Santo Loquasto has designs on Twyla Tharp premiere at PNB
The set and costume designer behind many Broadway and movie productions — including Woody Allen’s “Blue Jasmine” — pays a visit to Pacific Northwest Ballet to work with choreographer Twyla Tharp.
Seattle Times arts writer
Three Twyla Tharp works — “Brief Fling,” “Nine Sinatra Songs” and “Waiting at the Station” — at Pacific Northwest Ballet, Sept. 27-Oct. 6, Marion Oliver McCaw Hall, 321 Mercer St., Seattle; $28-$174 (206-441-2424 or pnb.org).
“You have to stay out of the way or you’ll get hit!” says Santo Loquasto, laughing. The multiple Tony Award-winning scene and costume designer, in town last month at Pacific Northwest Ballet, is speaking of creating sets for the complex, constant-motion choreography of dance legend Twyla Tharp.

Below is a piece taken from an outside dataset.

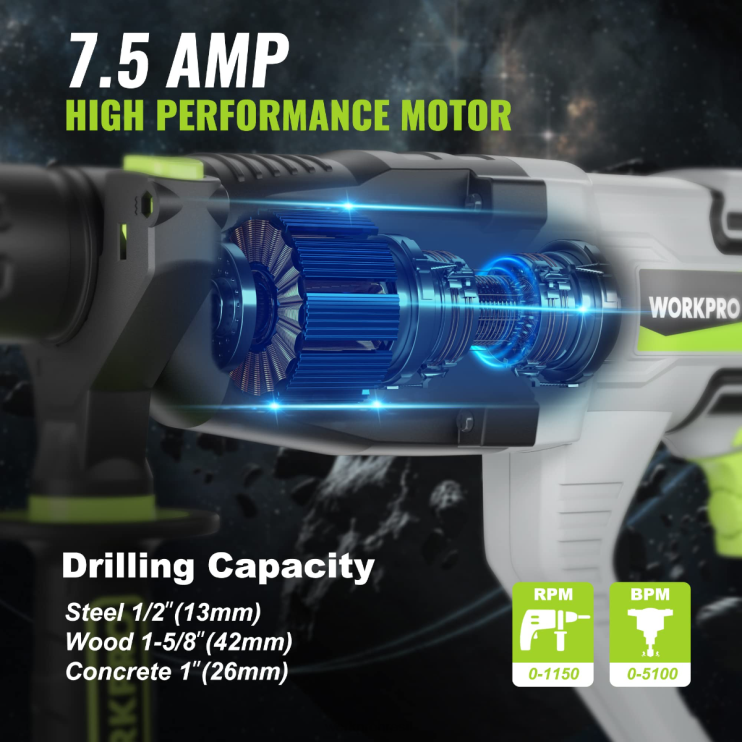 WORKPROFuradeira de martelo rotativo sds-plus premium de 7,5 amperes de 1-1/4 polegada, versão leve com fio XZXLF178 ferramenta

“Waiting at the Station,” Tharp’s latest work, was created as part of the choreographer’s eight-month artistic residency at PNB, and will have its world premiere at PNB Friday as part of an all-Tharp program. Loquasto, whose frequent collaborations with Tharp go back to 1977 and “Push Comes to Shove,” knows the importance of keeping the set minimal.

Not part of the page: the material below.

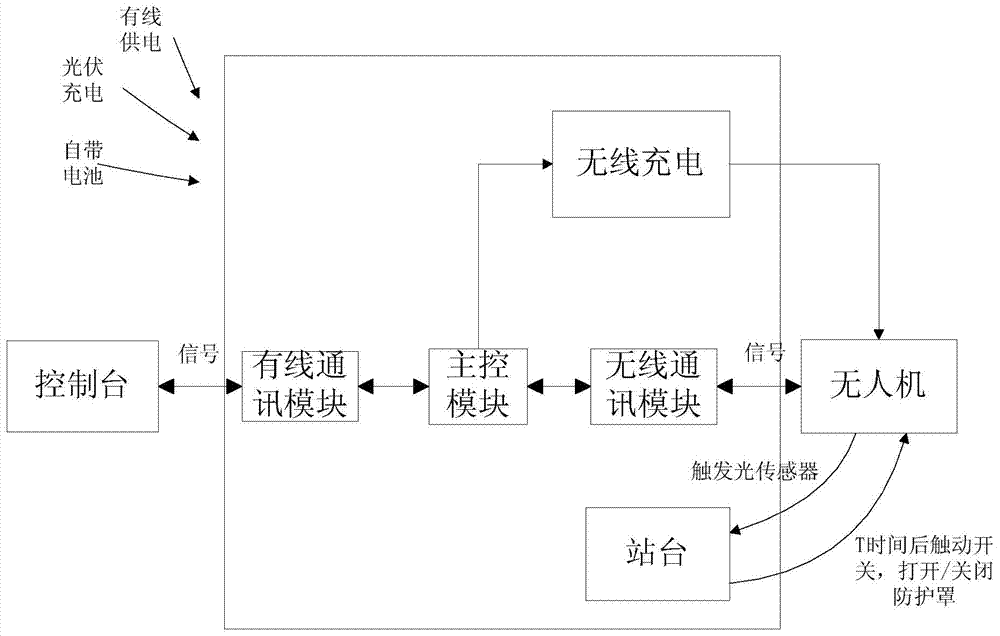 Monitoring device based on unmanned aerial vehicle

“Waiting at the Station,” set to music by New Orleans composer/pianist Allen Toussaint, is “an atmospheric piece,” said Loquasto. “It has that after-the-Second-World-War feel to it, 1940s, blue-collar, people with dreams and hopes,” he said.
The set, though simple, has multiple entry points: Tharp, he said, “likes to manipulate the conventions of the space, so there are entrances from up center and the sides — people can come from many places. It just allows the flow to be more interesting to her eye.”
Most of the ballet’s costumes are street clothes, and for inspiration, Loquasto watched the 1951 Vittorio De Sica film “Miracle in Milan,” at Tharp’s suggestion (“just as a sort of starting place”), set in postwar Italy. He pondered vintage photos of the period, prowled Seattle-area thrift stores for worn-soft men’s shirts and women’s sweaters in a faded color palette, and lent the production a hand-knit pink cardigan worn by his own mother.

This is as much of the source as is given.